Mars was named for the Roman god of war, and our renewed fascination with it feels especially appropriate in these war-fevered times, as the United States continues its seven distinct bombing campaigns and our hypermilitarized police continue to target demonstrators in places like Ferguson, Baltimore, Standing Rock, etc. Mars was first charted by pre-antiquity Babylonian and Egyptian astronomers and has shown up in popular literature as early as the mid-1600s; it still manages to have a firm hold on our popular imagination, what with the big box-office success of films like The Martian, in which the planet is just another site of white male American exceptionalism. Mars also continues to show up in our poetry: Tracy K. Smith’s Pulitzer Prize–winning book Life on Mars borrows as heavily from the red planet as from David Bowie. In 1980, the popular astronomer Carl Sagan wrote: “Mars has become a kind of mythic arena onto which we have projected our Earthly hopes and fears.” Right now we’re witnessing this cultural fixation, this seeing red, expand and move center stage as the climate warms and this planet of ours continues sprinting toward extinction. In other words, it seems the only way out is up.

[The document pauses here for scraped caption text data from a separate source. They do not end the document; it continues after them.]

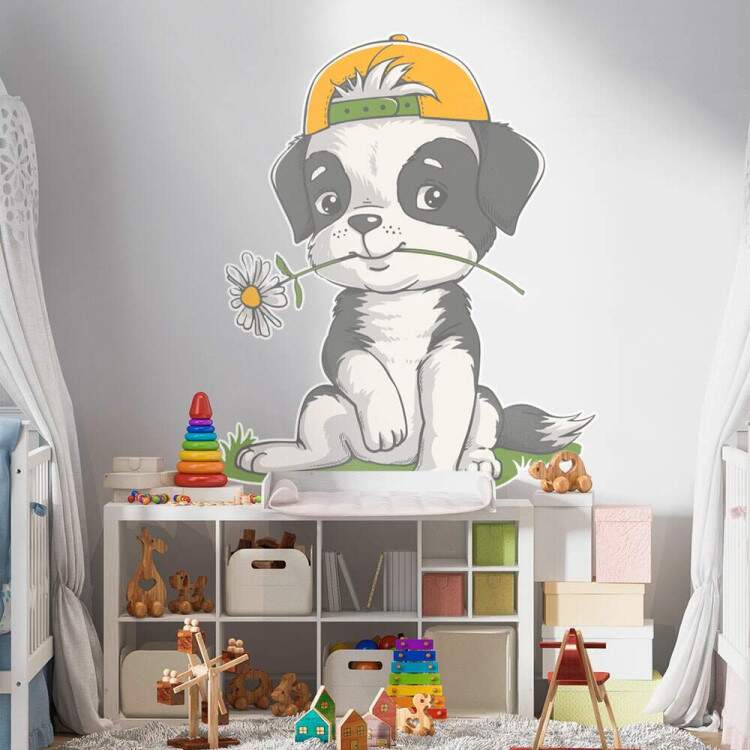 Adesivo de Parede Infantil Cachorrinho com Bon
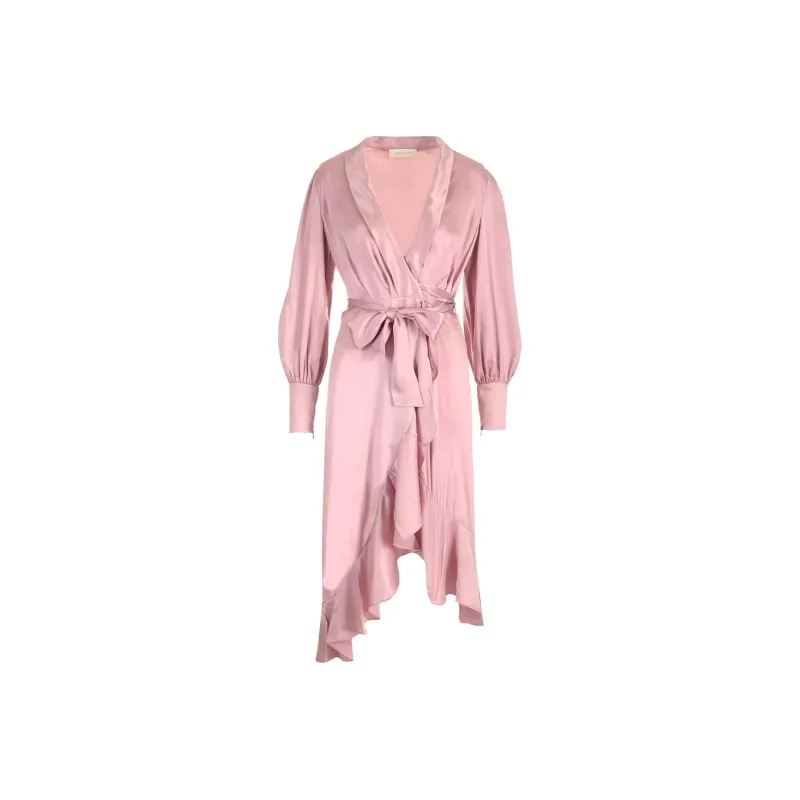 Zimmermann V Neck Asymmetric Hem Midi Dress-0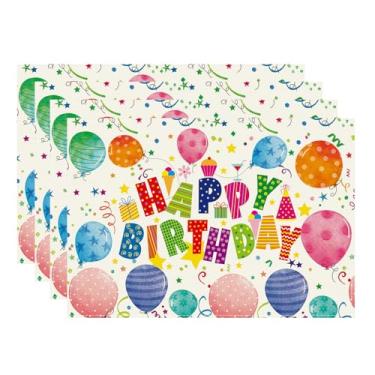 Imagem de XCHI Jogo americano Happy Birthday Balões coloridos estrelas confete conjunto de 4 tapetes de mesa decorações de mesa 30 x 45 cm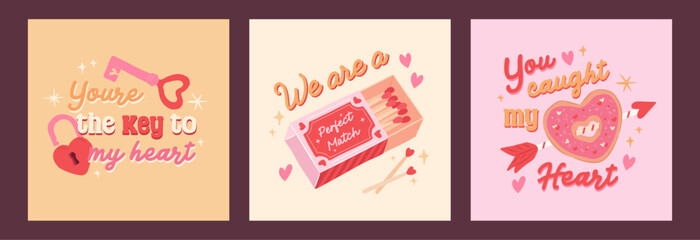 Collection of Sweet Love Season and Valentines typography quote of match, key and donut vector illustration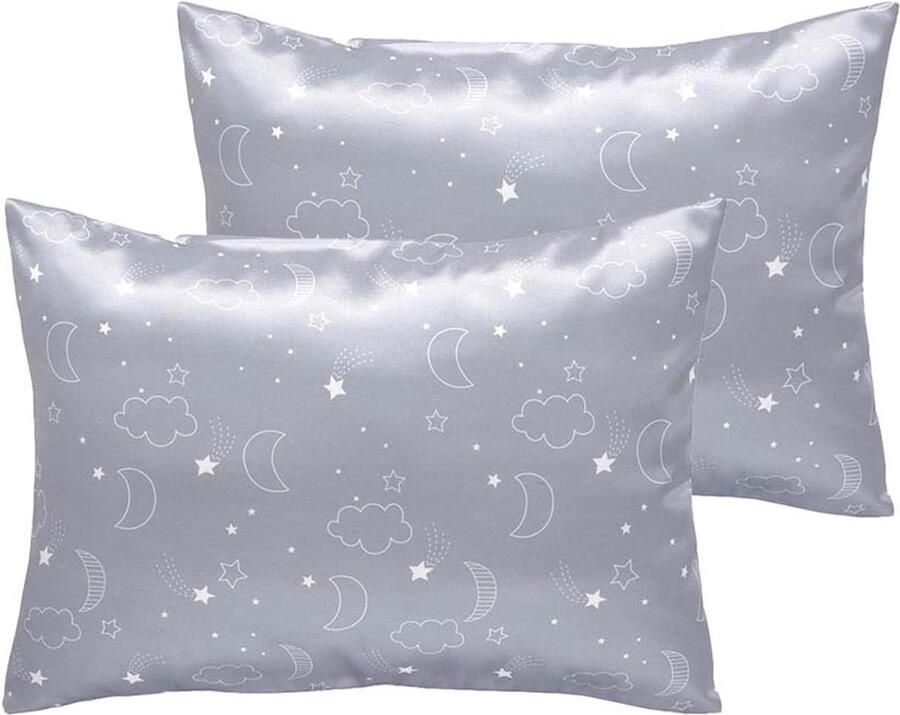 Allecto Plus 2-Pack Peuter Kussenslopen van Zijde Satijn 49 x 36 cm Geschikt voor Ledikant Bed Zachte Kussenslopen voor Kinderen Reizen Jongens Meisjes Machine Wasbaar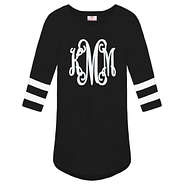 black varsity t-shirt with white stripes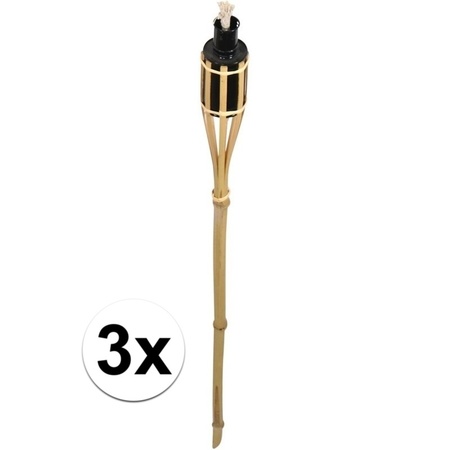 3x Bamboo garden torches 88 cm 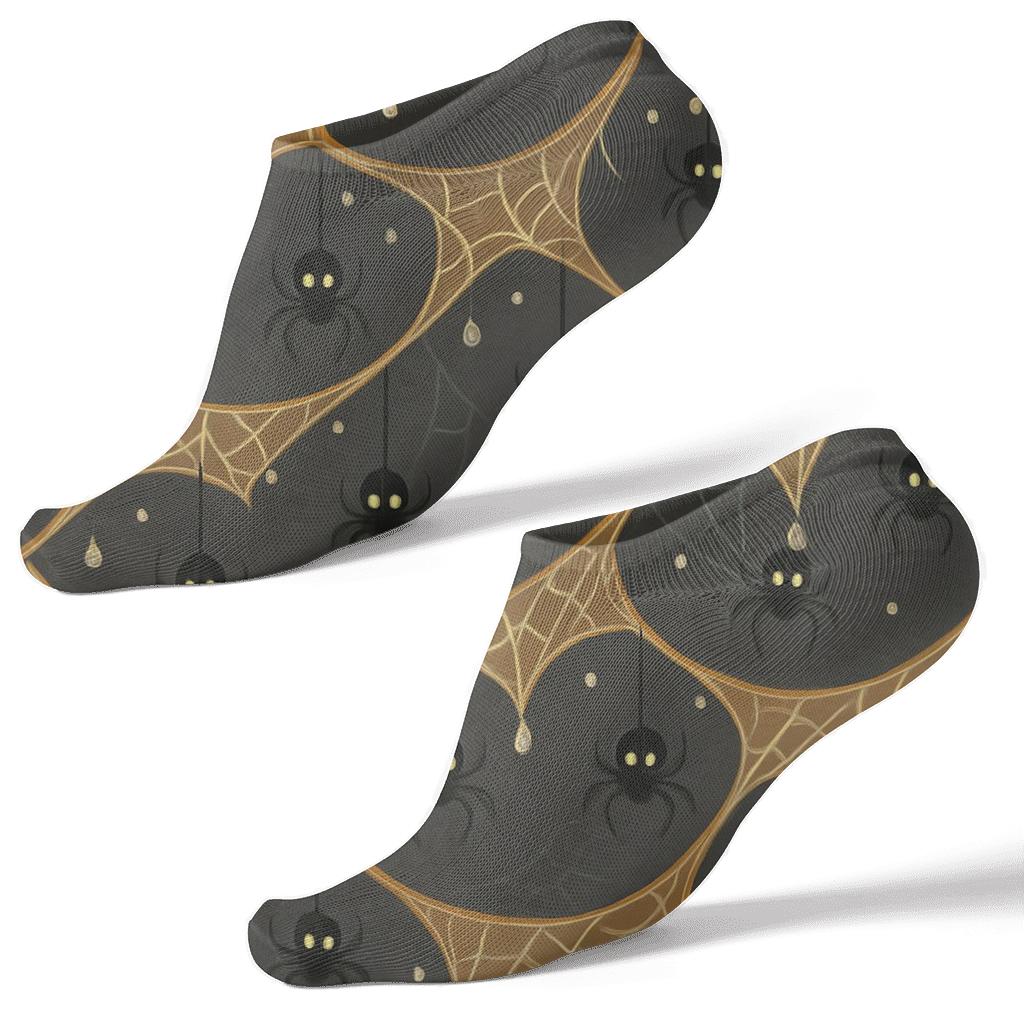 Web Garland With Spider Lantern Motifs unique graphic ankle socks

My own interest in Mars started young, as most lifelong obsessions do—indeed, so many of humanity’s earliest myths and fables likely began with someone staring into the unknown and projecting a story onto the empty space. As a boy, I first saw the planet through the lens of my creepy neighbor’s telescope. It looked like a far-off ornament floating in a black lake. The idea that this massive red body, which I’d read about in textbooks, was actually a concrete object, always circling, forever changed how I viewed my body and life in relation to the universe. Back when the first NASA Mars rover, Curiosity, descended upon the planet’s iron-oxide face in 2003, I’d sit at my parent’s desktop computer, with its tediously slow-modemed Internet connection, and wait for the alien landscapes to load the way other kids maybe waited for pornography, each windblown boulder a new impossible nipple. The wonder I experienced was twofold: I marveled at the stunning advances in human technology, as well as at the profound mysteries they allowed me to glimpse on my computer screen.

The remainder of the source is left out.